BEGIN DATA LISTING

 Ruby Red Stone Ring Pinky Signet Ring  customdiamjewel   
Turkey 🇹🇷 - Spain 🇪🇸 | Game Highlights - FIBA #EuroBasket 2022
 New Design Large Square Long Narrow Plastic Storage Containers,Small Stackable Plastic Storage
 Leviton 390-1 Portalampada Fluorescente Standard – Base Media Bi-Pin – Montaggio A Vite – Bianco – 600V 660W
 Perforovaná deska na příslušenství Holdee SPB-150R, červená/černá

END DATA LISTING
BEGIN DATA LISTING

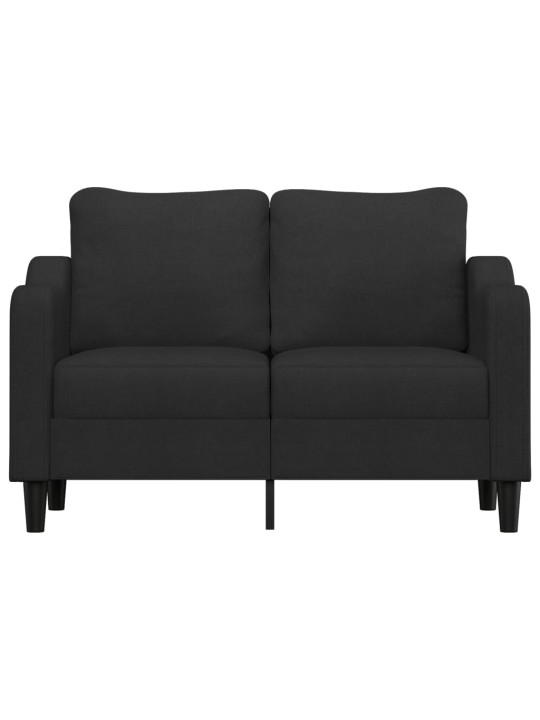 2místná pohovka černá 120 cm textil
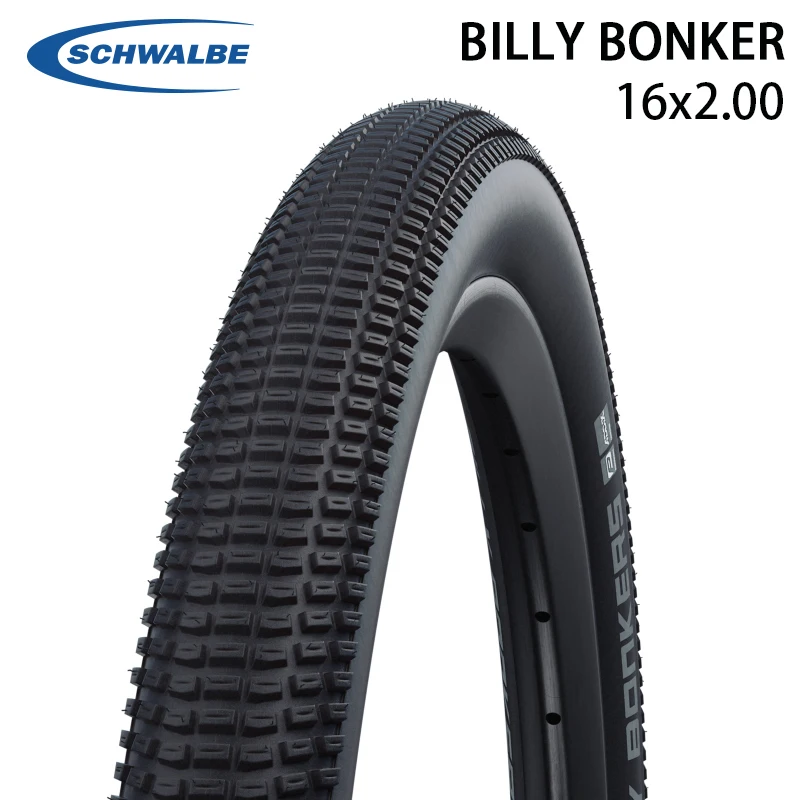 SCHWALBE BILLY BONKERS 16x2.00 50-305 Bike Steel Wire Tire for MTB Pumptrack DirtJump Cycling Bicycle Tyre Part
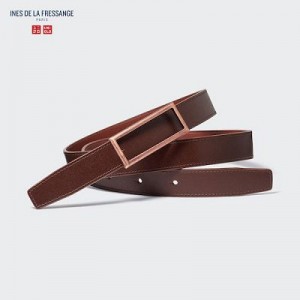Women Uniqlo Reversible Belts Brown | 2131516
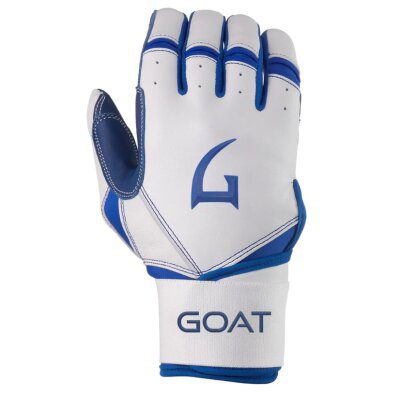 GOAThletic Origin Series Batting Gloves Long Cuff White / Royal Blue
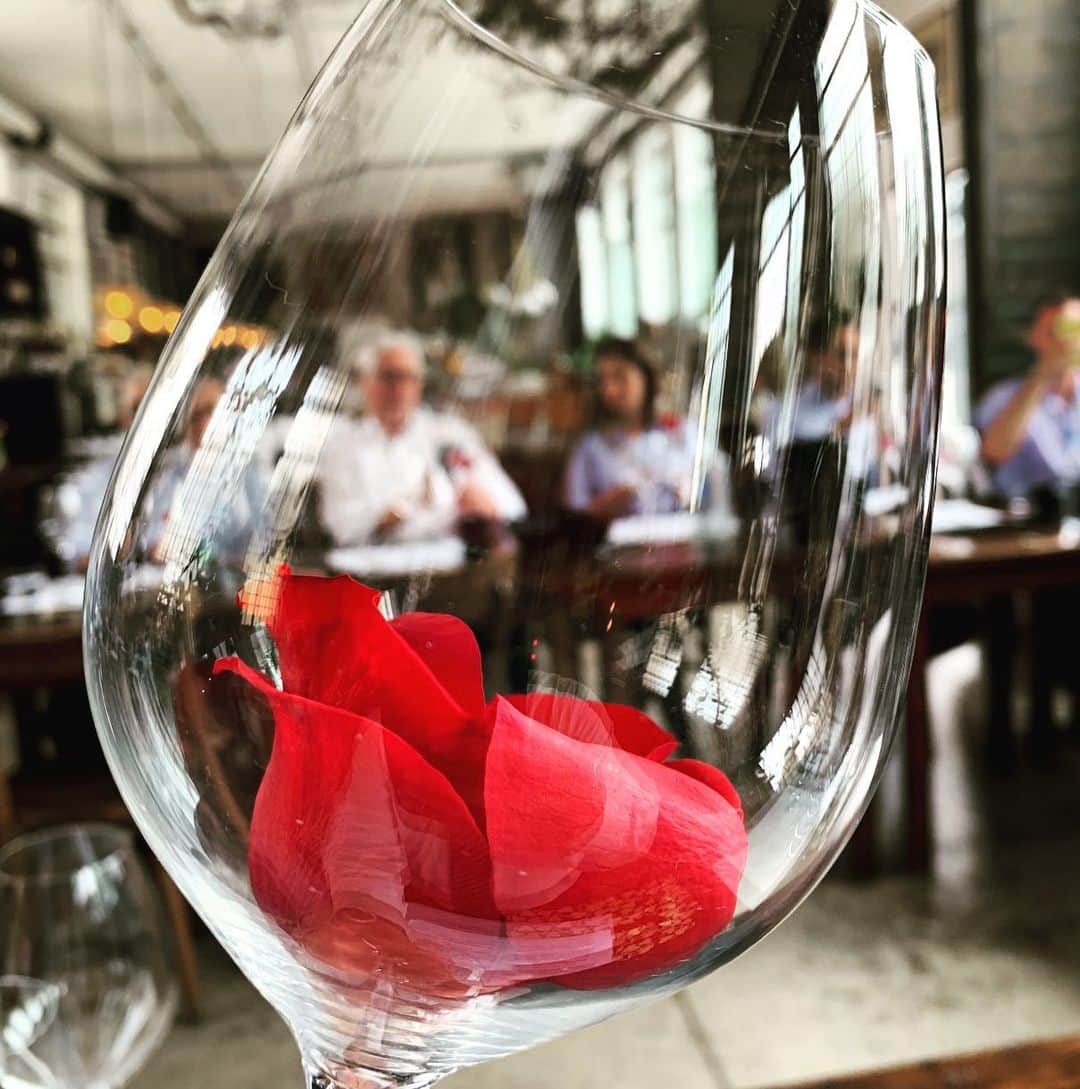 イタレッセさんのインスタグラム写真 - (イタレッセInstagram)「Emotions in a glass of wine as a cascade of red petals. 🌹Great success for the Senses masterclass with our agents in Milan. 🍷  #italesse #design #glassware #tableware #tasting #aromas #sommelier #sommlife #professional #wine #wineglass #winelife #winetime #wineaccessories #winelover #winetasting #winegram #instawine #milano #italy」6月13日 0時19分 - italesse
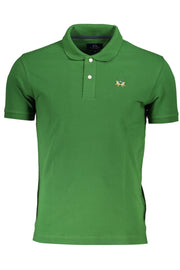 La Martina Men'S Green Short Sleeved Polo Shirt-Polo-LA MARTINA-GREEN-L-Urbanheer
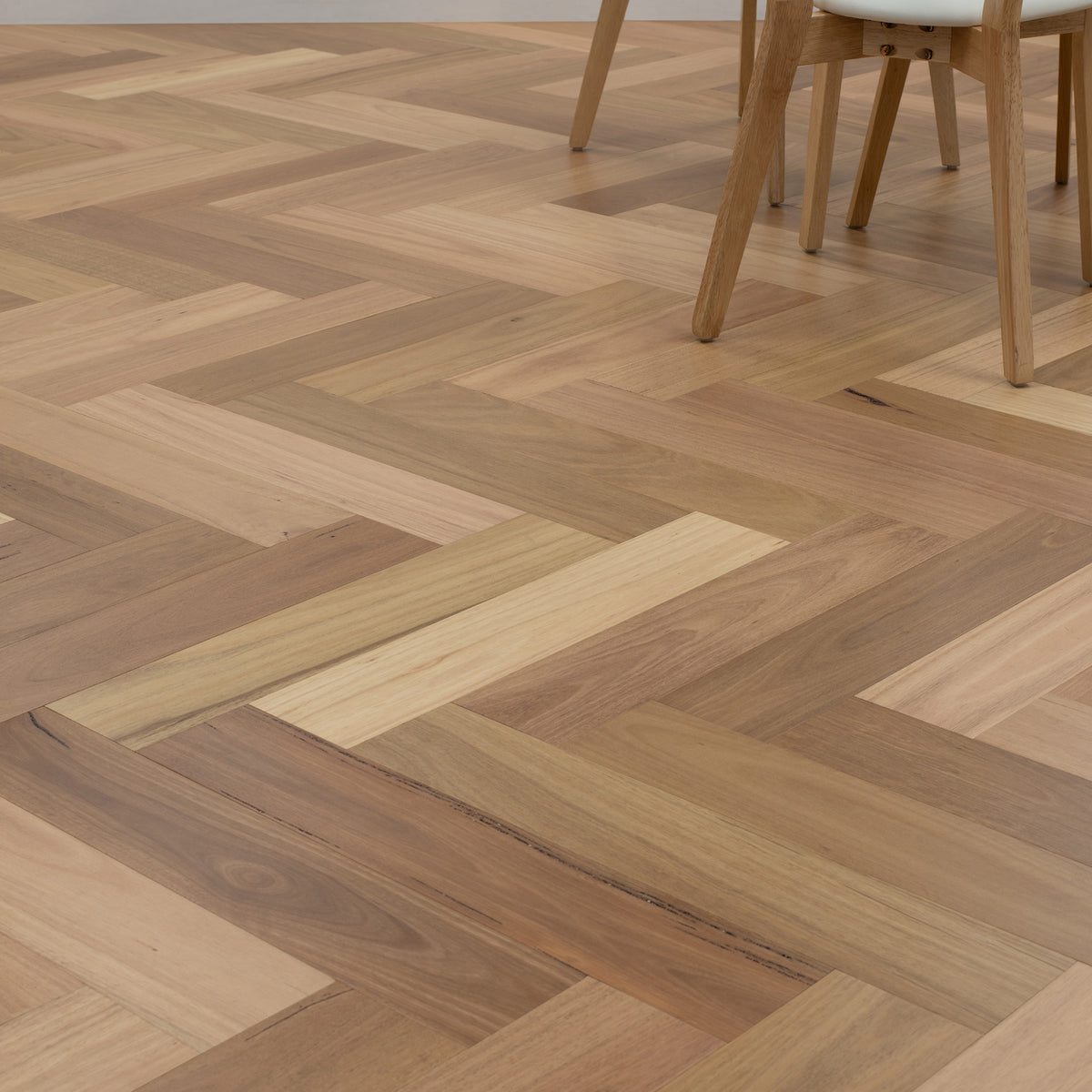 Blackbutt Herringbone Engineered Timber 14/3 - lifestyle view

END DATA LISTING

> _ASSIGNMENT_
Will you return exactly the lines above from the one with "Ruby Red Stone" down to the one with "Perforovaná deska na", counting both as part of the range?

> _ANSWER SECTION_
 Ruby Red Stone Ring Pinky Signet Ring  customdiamjewel   
Turkey 🇹🇷 - Spain 🇪🇸 | Game Highlights - FIBA #EuroBasket 2022
 New Design Large Square Long Narrow Plastic Storage Containers,Small Stackable Plastic Storage
 Leviton 390-1 Portalampada Fluorescente Standard – Base Media Bi-Pin – Montaggio A Vite – Bianco – 600V 660W
 Perforovaná deska na příslušenství Holdee SPB-150R, červená/černá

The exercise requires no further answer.